Strawberry Poke Cake from Scratch

Homemade Strawberry Poke Cake

In this gorgeous and easy Homemade Strawberry Poke Cake, moist vanilla cake, sweet strawberry gelatin, and creamy cool whip come together to create a classic small batch dessert topped with fresh strawberries.

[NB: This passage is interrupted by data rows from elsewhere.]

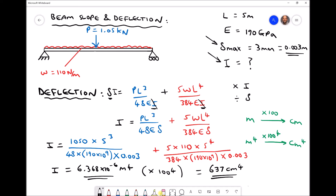If we were to select an I section beam with a second moment of area smaller than 637 cm⁴, the deflection would be greater than 3mm. So any beam with a second moment of area greater than 637 cm⁴ would be suitable, because it would have a greater second moment of area than required and hence would reduce the deflection accordingly. Let's look at the standard I section beam tables and select a suitable beam with a second moment of area of 637 cm⁴ or above.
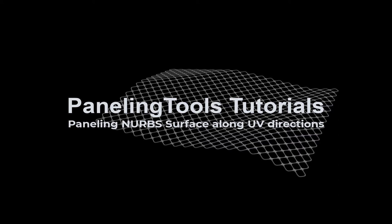Hi. In this tutorial, we will show how to create basic paneling solutions using an untrimmed NURBS surface with UV directions that are oriented in a desired direction.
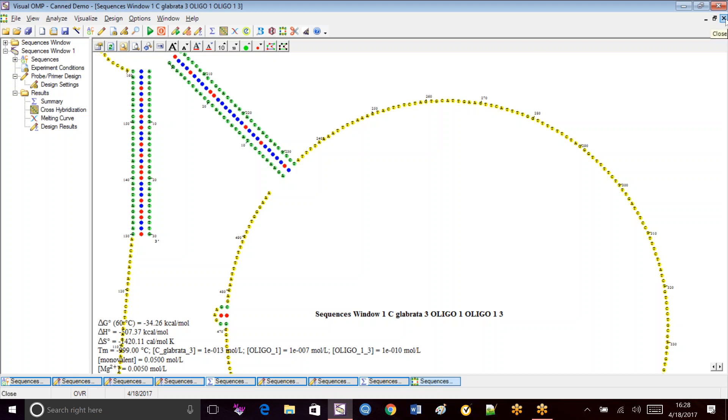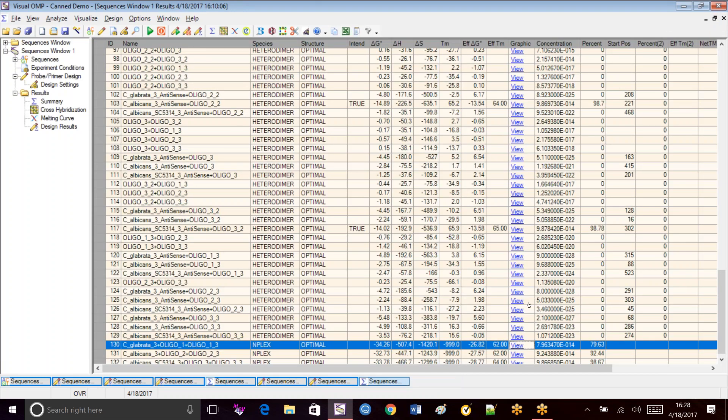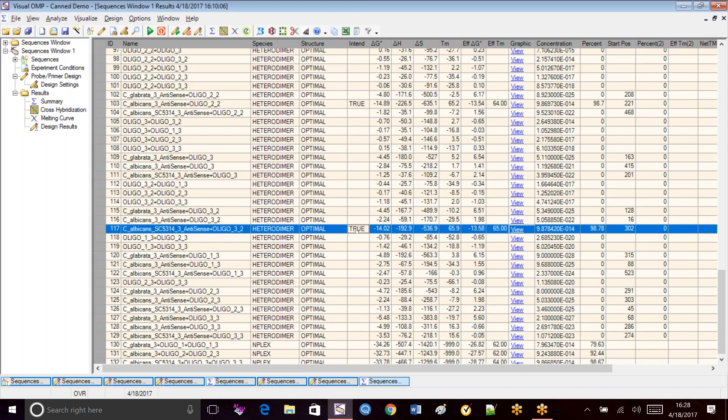So looking at that in the N-Plex, the probe and primer are going to take up 79.63% of that target. So we might want to try and raise that up. But we're going to finish looking at the rest of our N-Plex to make sure everything else is okay.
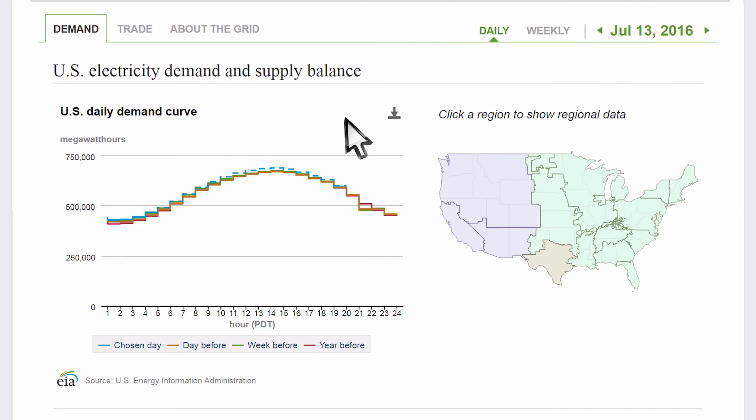In other videos, we go over a summary of the electrical grid, the advanced features of this web tool, and the importance of accurate demand forecasts. We'll see you next time.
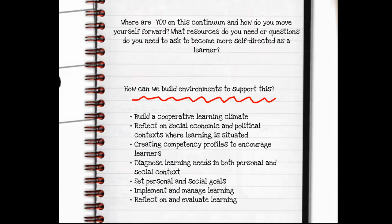Take a moment to think about where you are on this continuum and reflect on how you move yourself forward. What resources or questions do you need to become more self-directed as a learner? To build environments that support self-directed learning, we need to build a cooperative learning climate and reflect on the contexts where learning is situated. We can create competency profiles for each learner, diagnose learning needs individually and as a group, set goals, and as a facilitator, implement and manage the learning — then reflect on and evaluate how well we did as a group.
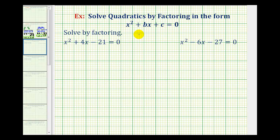Now we'll look at some examples of factoring and solving quadratic equations in the form x squared plus bx plus c equals zero. Notice how the leading coefficient is equal to one.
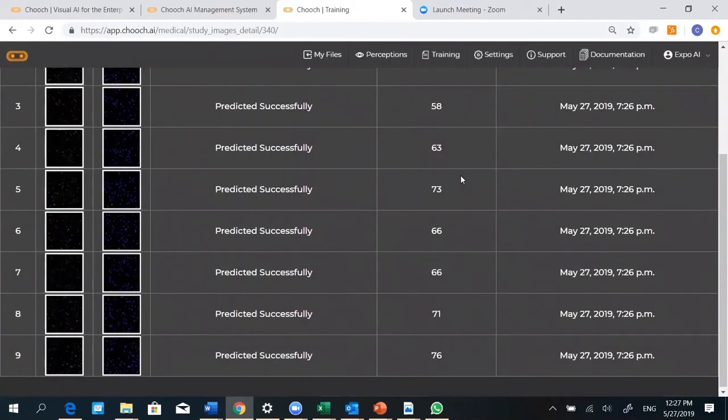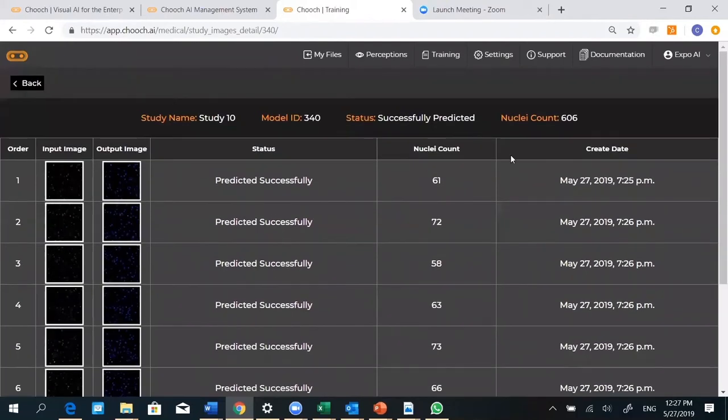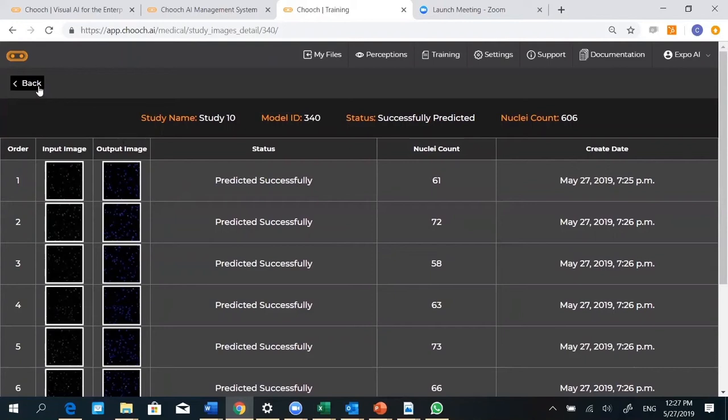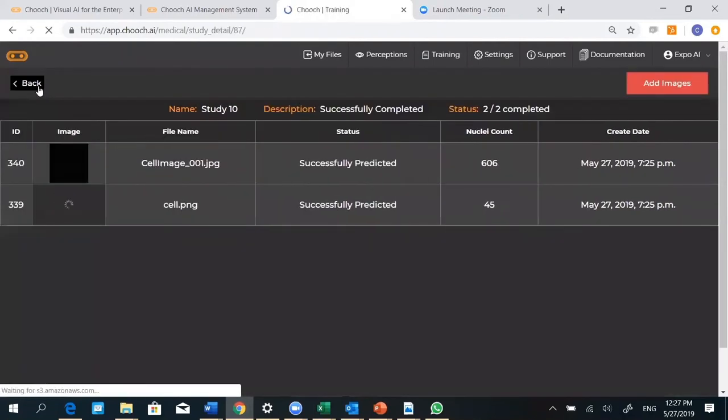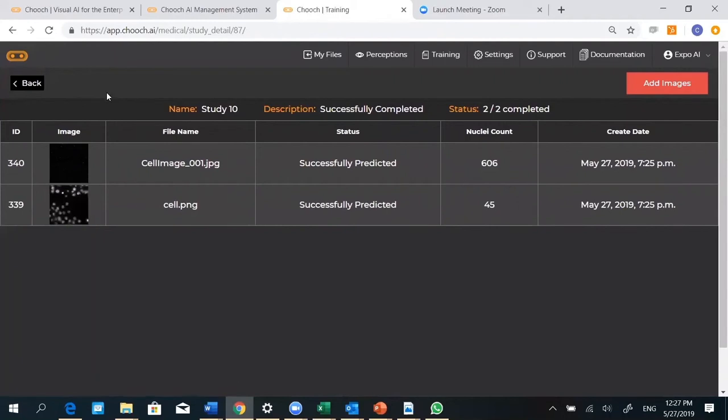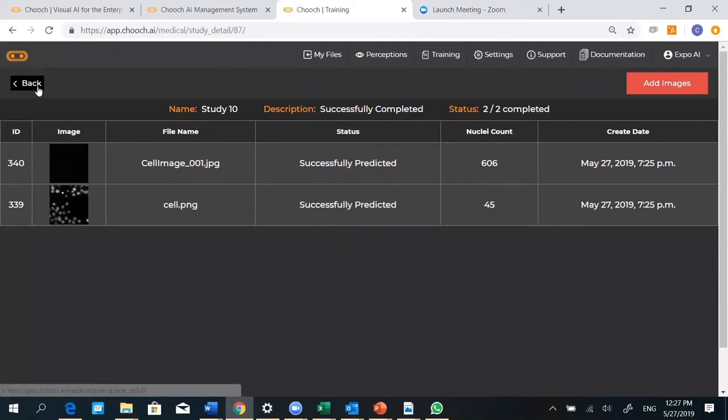It adds it, tallies them up, and here you have 606 in that particular microscopic image. So this is the Nuclei Detection and Nuclei Count perception.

This recipe has been revised, retested, and is highly improved!

Prep Time 15 minutes
Cook Time 45 minutes
Chill 2 hours
Total Time 3 hours

Ingredients

  • 1/2 cup milk (room temp)
  • 1 1/2 Tablespoons vegetable oil
  • 1/2 teaspoon almond extract
  • 1/2 teaspoon vanilla extract
  • 1/2 cup all purpose flour
  • 3/4 teaspoon baking powder
  • 1/8 teaspoon salt
  • 5 Tablespoons unsalted butter (room temp)
  • 1/2 cup sugar
  • 2 large fresh egg whites (at room temp)
  • 3 Tablespoons packaged strawberry Jello mix
  • 1/3 cup very hot water (or boiling)
  • 1/2 cup frozen whipped topping (thawed)

Instructions

  1. Preheat the oven to 335 degrees F.
  2. Line a 6 inch square baking pan with parchment paper. Spray with non-stick spray and set aside.
  3. Combine the room temperature milk, vegetable oil, almond and vanilla extracts in a bowl and set aside.
  4. In another bowl, combine the flour, baking powder and salt and set aside.
  5. Place the room temperature butter in a stand mixer with a paddle attachment and cream until smooth. Sprinkle in the sugar and then mix on high with the paddle attachment until light and white, about 5 minutes.
  6. Add the egg whites, one at a time, to the butter mixture while mixing on low and let fully combine after each addition before adding the next. If your egg whites aren't at room temperature, they will curdle the batter.
  7. Add in 1/3 of the flour mixture to the egg and butter mixture and mix on low until just combined.
  8. Then add in 1/2 of the milk mixture, then 1/3 of the flour mixture, then the rest of the milk mixture, and then the rest of the flour mixture. Let mix until just combined.
  9. Add the cake batter into the prepared cake pan and bake for 30-35 minutes or until a toothpick comes out clean when poked in the center.
  10. Let cool 10 minutes in the pan.
  11. While cake is still warm, poke holes in the cake with the end of a wooden spoon about 1/2" apart.
  12. In a small mixing bowl, combine the very hot (or boiling water) and Jello mix. Whisk until fully combined.
  13. Pour Jello evenly over the warm cake, pouring slowly and evenly to cover the whole cake, which fills the holes. Cover cake with foil and refrigerate for at least 2 hours, or until cooled.
  14. When cake is cooled, run a knife around the edges to loosen and remove from the pan. Discard the parchment paper.
  15. Spread whipped topping evenly over the entire top of the cake and down the sides if desired.
  16. Slice the cake into 4 equal pieces and serve.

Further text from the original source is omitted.